=== Section Start ===

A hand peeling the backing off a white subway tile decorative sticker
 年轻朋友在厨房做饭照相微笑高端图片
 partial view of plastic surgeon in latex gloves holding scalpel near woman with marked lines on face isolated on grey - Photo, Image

=== Section End ===

- Task goal
Retype the data precisely.

- Final answer
A hand peeling the backing off a white subway tile decorative sticker
 年轻朋友在厨房做饭照相微笑高端图片
 partial view of plastic surgeon in latex gloves holding scalpel near woman with marked lines on face isolated on grey - Photo, Image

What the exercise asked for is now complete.